Das Wohngebiet der heutigen Tebu liegt südlich von Fesan, nördlich vom Tschad-See, östlich von Kauar einschliesslich dieser Oase, und westlich von der sogenannten Libyschen Wüste. Ob sie auch die Oase Kufra, welche seit einigen Jahren wieder bewohnt ist, innehalten, konnte bisjetzt nicht constatirt werden, wie sich überhaupt sichere Kenntniss des Landes nur durch eigene Anschauung europäischer Reisenden gewinnen lässt, denn die Eingeborenen begegnen allen Erkundigungen mit zurückhaltendem Misstrauen. Zudem haben die Tebu viel weniger Sinn für Geographie wie die Araber und Berber: sie wissen viele Berge nicht zu benennen, welche sie jahraus jahrein mit ihren Karavanen passiren, und geben selbst Thälern und Ebenen, Bergen und Uadi in ihrer nächsten Umgebung keinen bestimmten Namen. Noch schwieriger ist es, über die frühern Wohnsitze der Tebu-Stämme etwas zu ermitteln, da sie keinerlei historische Ueberlieferungen, weder schriftliche noch mündliche, besitzen. In Betracht des unleugbar gemeinsamen Ursprungs der Teda und der Kanúri-Sprache könnte vielleicht eine genauere Erforschung des Kanúri-Stammes auf die Spur leiten. Bei den Tebu wie bei den Kanúri heisst "ialla" Nord, "anum" (kanúri) oder "onum", "enom" (teda) Süd. (Die Angabe in Barth's Vocabularien, "ialla" bedeute im Teda West, muss auf einem Irrthum beruhen, denn West nennen die Tebu "di".) Hingegen bezeichnen die Kanúri Osten mit "gedi", die Tebu aber mit "foto" oder "futu", und dasselbe Wort "foto" oder "fute" brauchen die Kanúri für Westen. Nun ist bekannt, dass manche Völker, die ihre alten Wohnsitze verliessen, in den neuen trotz der veränderten Himmelsgegend die frühern Worte zur Bezeichnung der Ortslagen beibehielten; so sagen z. B. die Bewohner von Tidikelt, wenn sie sich nach Timbuktu begeben, sie gingen nach dem Schirg, d. h. nach Osten, während doch Timbuktu südlich von Tidikelt liegt. Vergleichende Forschungen der Art wären möglicherweise geeignet, einiges Licht über die Frage zu verbreiten.

Alle Teda in Tibesti (Tu) sind jetzt äusserlich zum Islam bekehrt, doch haben sie vom Wesen der mohammedanischen Religion wenig oder gar nichts in sich aufgenommen.

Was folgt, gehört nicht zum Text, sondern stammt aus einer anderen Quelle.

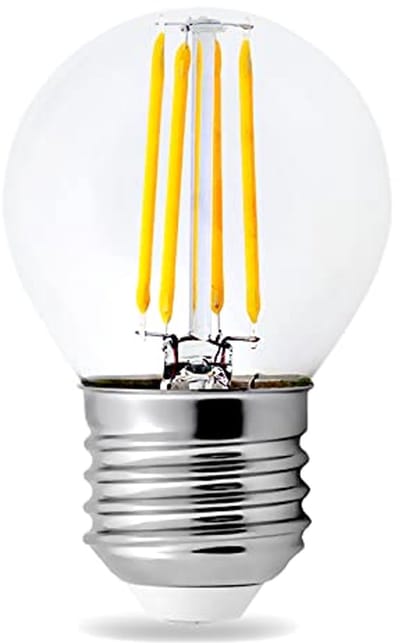 Kwazar Luminaire LED-lamp Warmwit 4W Filament E27-fitting 430 lm Gloeidraad LED-lamp Edison G45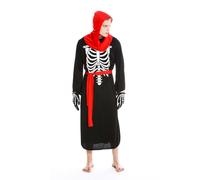 Costume Men Women Halloween Skeleton Bones Monk Zombie Demon Size M/L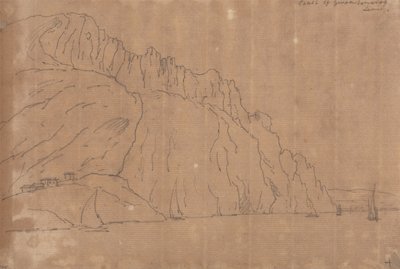 Kust van Genua door John Robert Cozens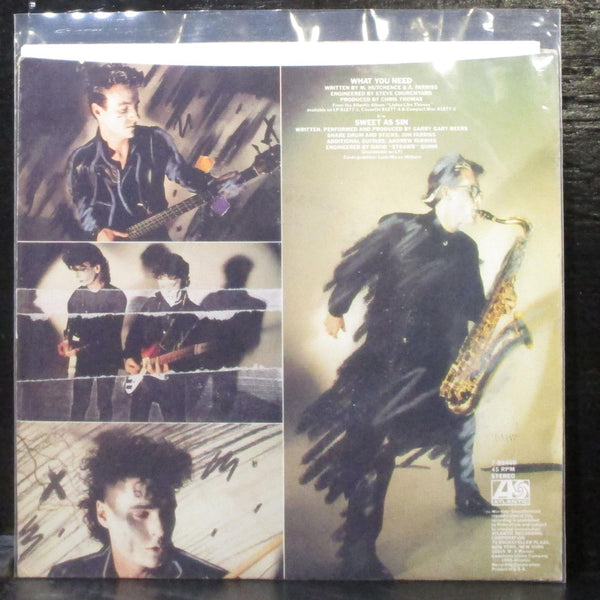 INXS - What You Need / Sweet As Sin 7" VG+ Vinyl 45 Atlantic 7-89460 USA 1985 - Shuga Records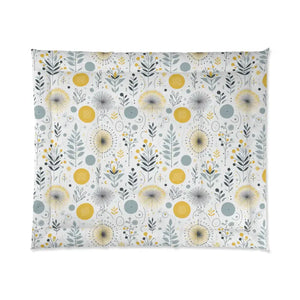 Grey Pattern Comforter Elevates Bedroom Style - Dipaliz - Quilts & Comforters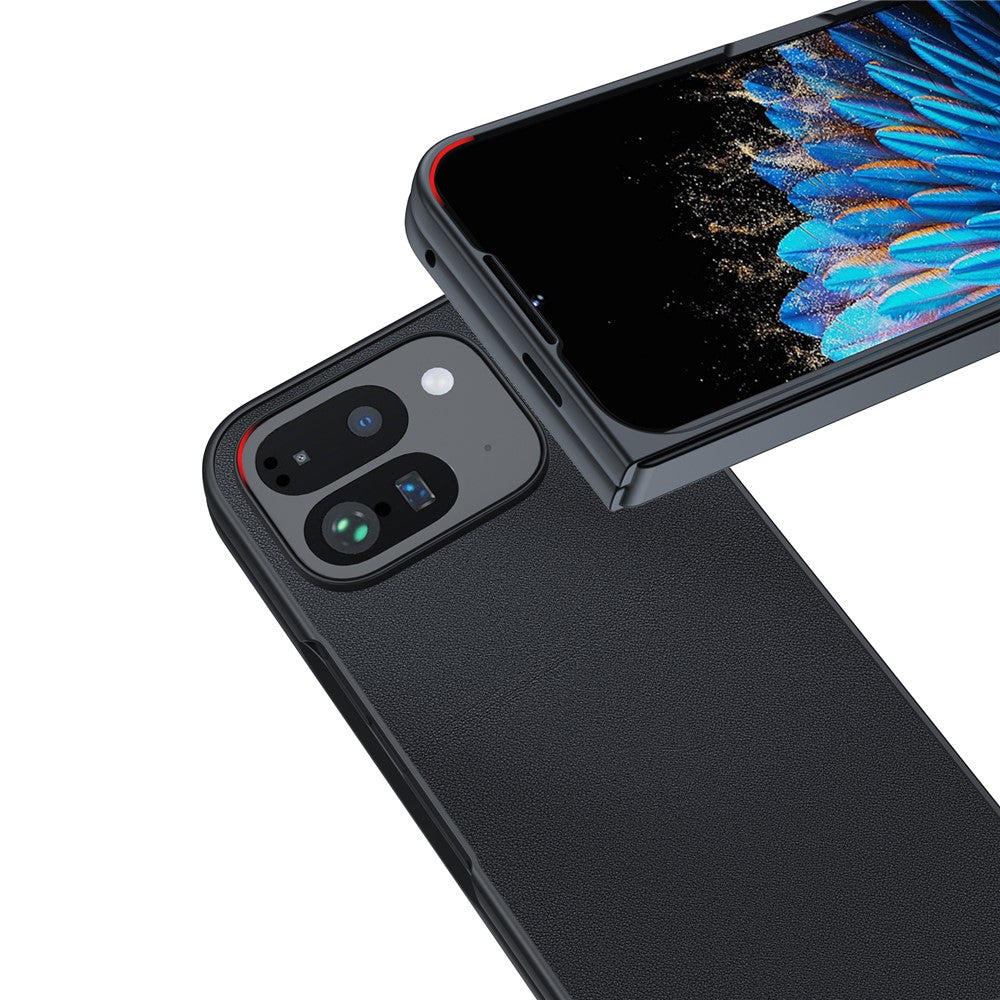PU Leather Coated PC Folding Case - For Google Pixel 9 Pro Fold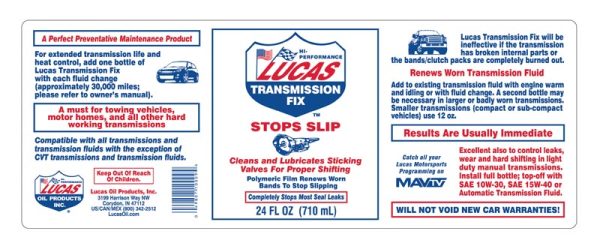 Lucas Transmission Fix (1 Bottle 24 oz.) - Image 2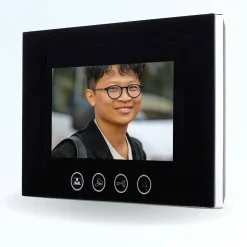 BT SECURITY Visiophone-Portier interphone vidéo pino 4 fils - 1 écran noir 7" - avec mémoire photos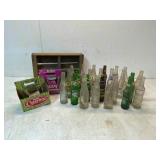 27 Vintage Soda Bottles and Crates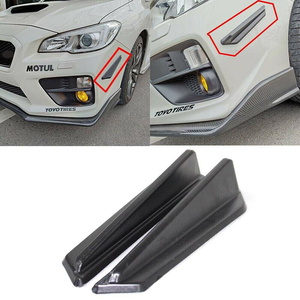 【即納品】スバル VA WRX STI S4 ABS エアロ フロントバンパーサイド カナード 左右セット 未塗装品 素地 2015-2021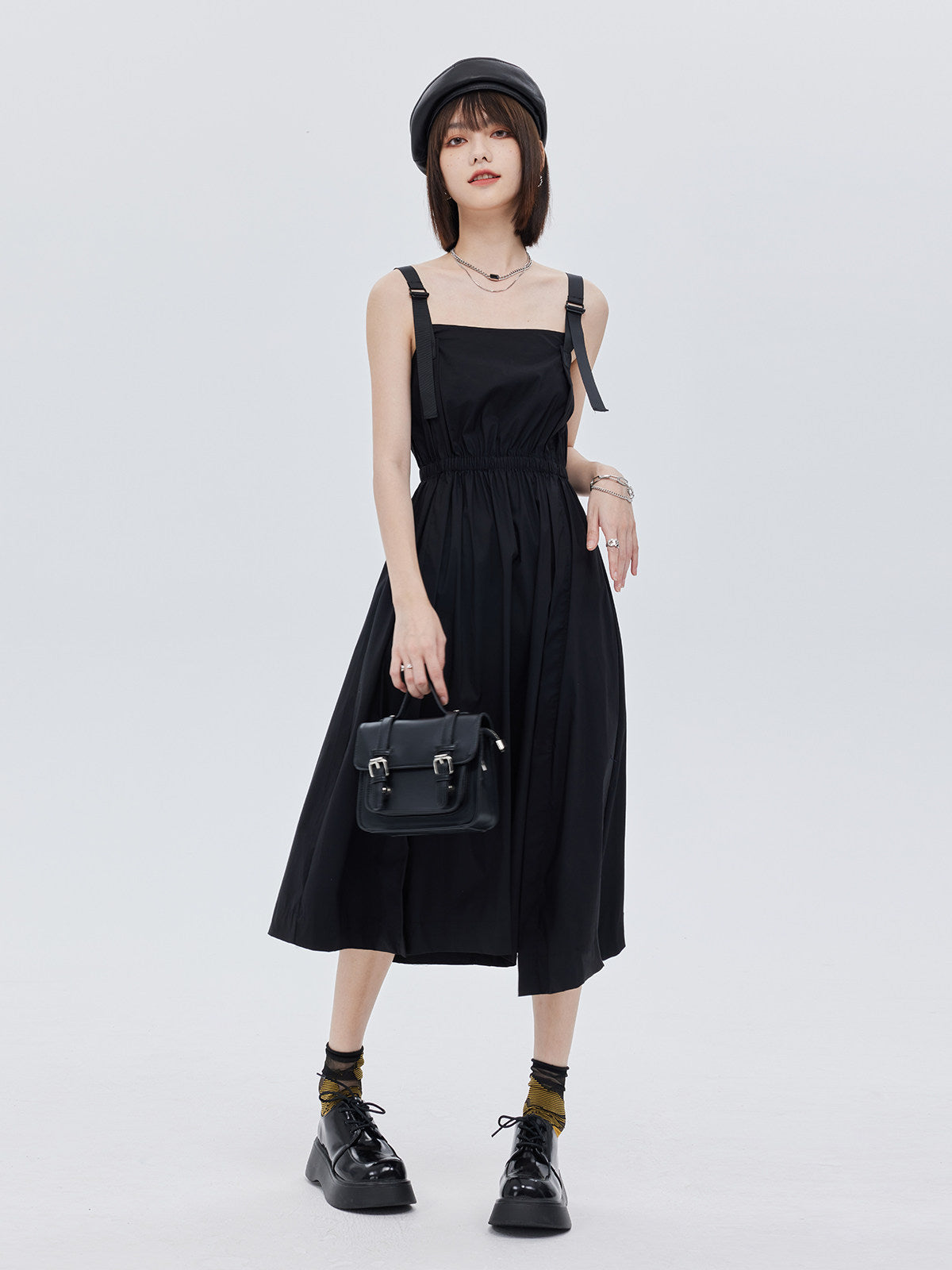 High-Waist Suspender Dress SHN0044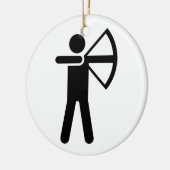 Bogenschießen-Symbol Keramikornament (Links)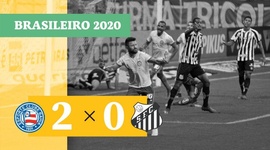 Brasileirão: Bahia 2 - 0 Santos (2020)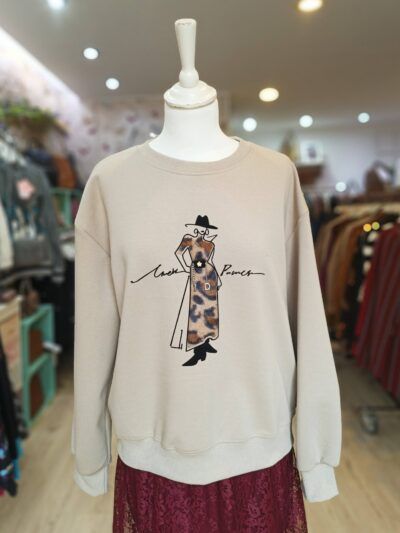 SUDADERA ILUSTRACIÓN FEMENINA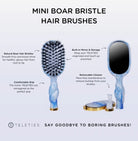 Mini Boar Brush – Tide & True Blue | TELETIES - Teleties Hair Brush -Jimberly's Boutique-Olive Branch-Mississippi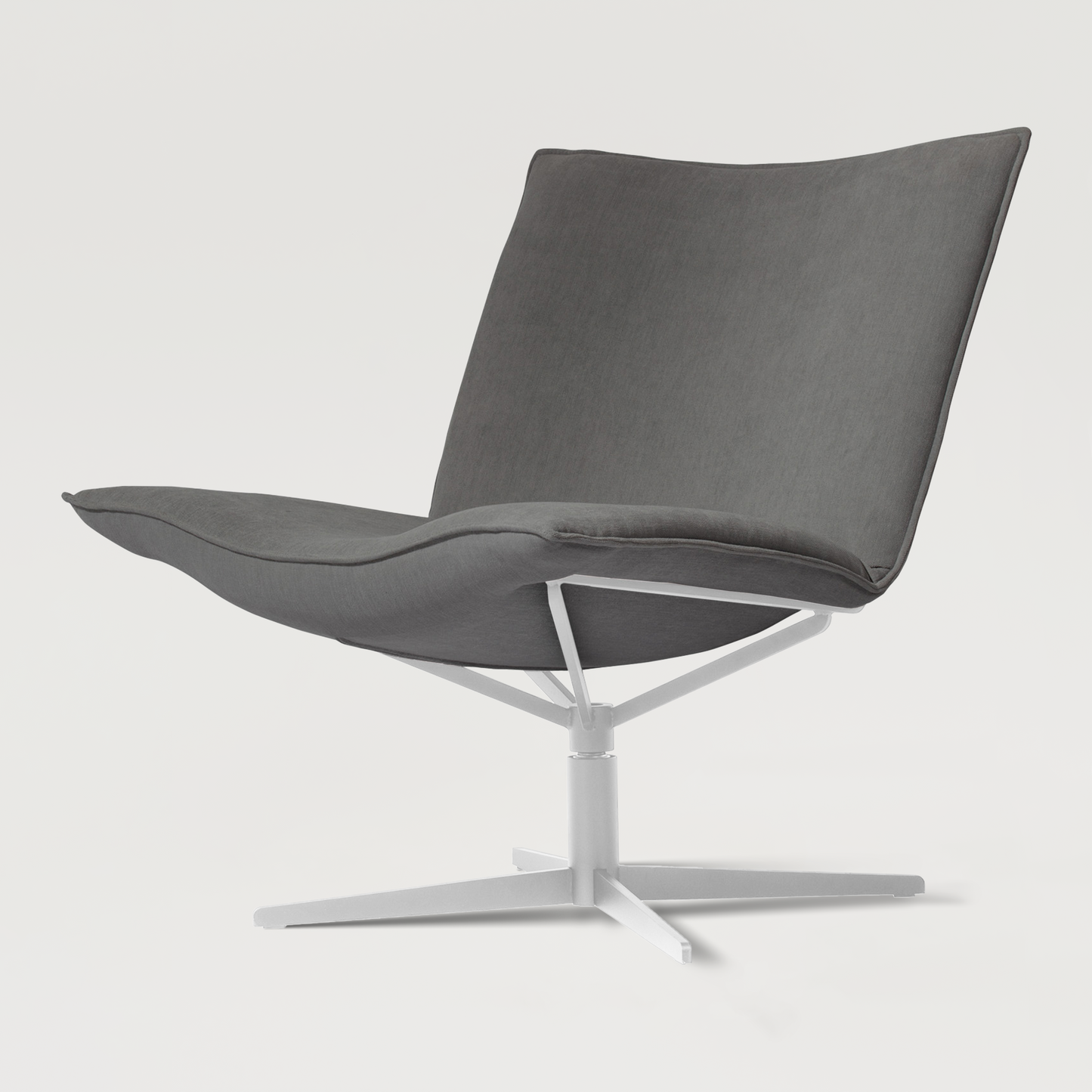 Armchair Mac.B White - Dark Grey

Die unter den vorgeschriebenen Verbeugungen hergeplapperten Gebete bleiben ihnen unverständlich, denn kaum zehn Teda dürften des Arabischen mächtig genug sein, um die Sprache des Koran verstehen zu können. Selbst ihre Thaleb und Fakih wissen nichts weiter, als auswendig gelernte Gebete herzusagen und ein paar Suraten ohne Kenntniss des Sinnes mechanisch zu schreiben; einen Brief selbst zu verfassen oder auch nur zu lesen sind sie nicht im Stande. Dagegen wurde die bevorzugte Stellung, welche die Frauen bei den Tebu einnehmen, von den Snussi schlau zur Einführung des Islam benutzt, indem sie zuerst an diesen ihr Bekehrungswerk vollzogen und sie dann, um durch das Uebergewicht derselben auf die Männer einzuwirken, lesen und schreiben lehrten. Daher kommt es, dass noch jetzt die Schulen mehr von Mädchen als von Knaben besucht sind. Natürlich geht der Unterricht nicht über die allerersten mechanischen Anfangsgründe hinaus, die Teda-Frau aber ist stolz darauf, eine Schriftgelehrte zu sein, und trägt zum Zeichen dess stets ihre Schreibtafel mit sich, obwol sie bei der Aussprache des Arabischen arge, oft höchst lächerliche Verstösse macht. So sprach unsere Hausfrau in Schimmedrú, die sich für die gelehrteste Frau des Ortes hielt, "Bi'sm Allah" (im Namen Gottes) wie "Bi smin Allah" (in der Butter Gottes) aus, zum grossen Gaudium meiner arabischen Diener. Mohammedanische Vielweiberei gehört hier noch zu den seltenen Ausnahmen. Man verheirathet sich in sehr jugendlichem Alter und schliesst die Ehe vor einem Fakih, hier "Mallem" (Meister) genannt, durch mündliche Erklärung. Ein schriftlicher Heirathscontract wird nicht aufgesetzt. Auch sonst finden bei der Hochzeit keine besondern Ceremonien statt, so wenig wie bei den Geburten und Begräbnissen.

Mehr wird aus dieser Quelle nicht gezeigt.